Data provided -
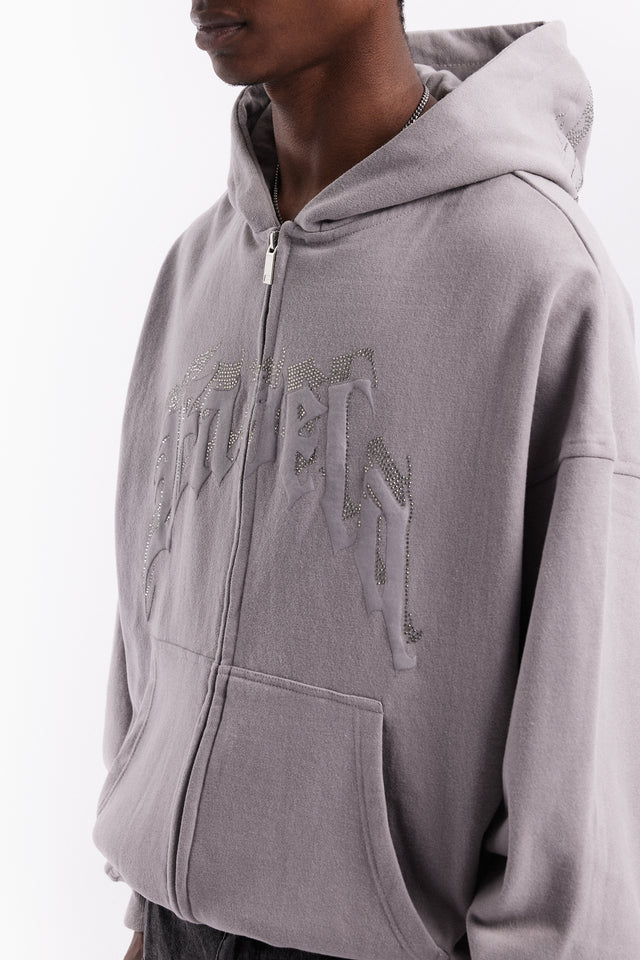 AVES RHINESTONE GRAY PA FRONT ZIP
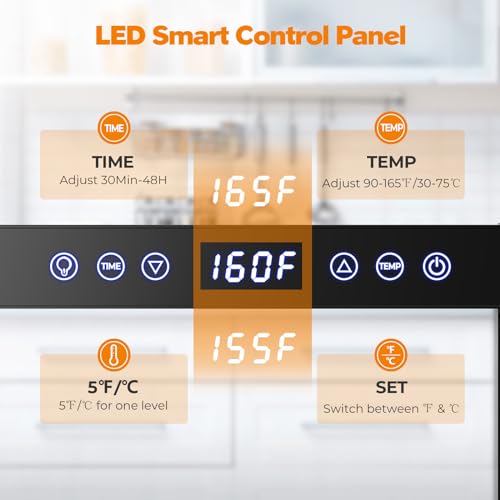 YASHE 9-Tray Stainless Steel Food Dehydrator, 800W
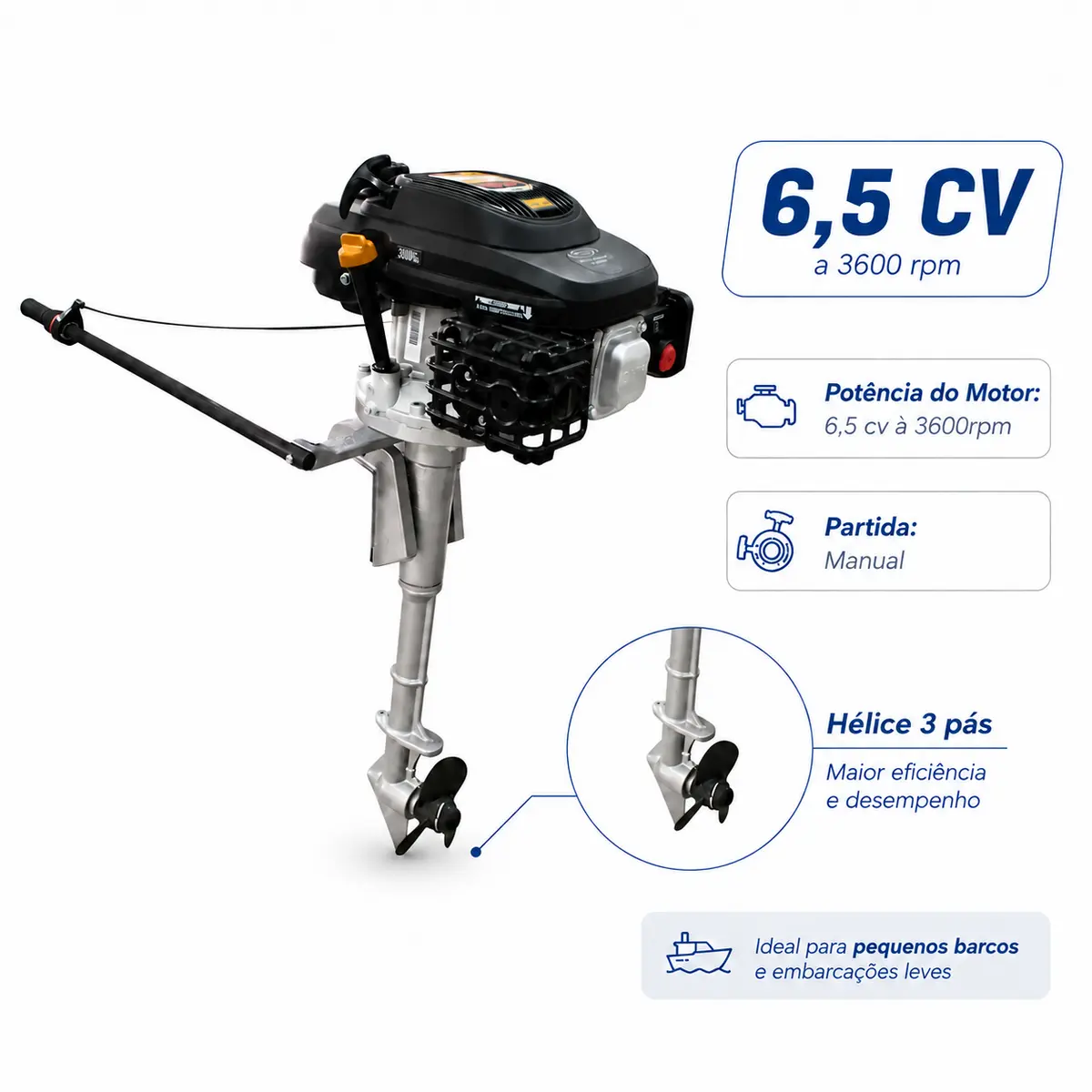 Rabeta Vertical com Motor a Gasolina Buffalo 6,5 cv BFGT4T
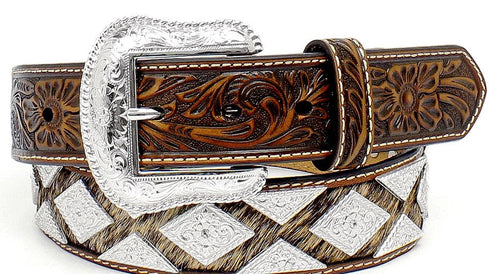 Men's Western Tan Leather & Calf Hair Belt with Diamond Shaped Conchos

How to complete this task - The expected answer is the whole listing above, copied exactly, with images excluded.

Exercise solution -
 AVES RHINESTONE GRAY PA FRONT ZIP
 YASHE 9-Tray Stainless Steel Food Dehydrator, 800W
 Rabeta Vertical com Motor a Gasolina Buffalo 6,5 cv BFGT4T
 Men's Western Tan Leather & Calf Hair Belt with Diamond Shaped Conchos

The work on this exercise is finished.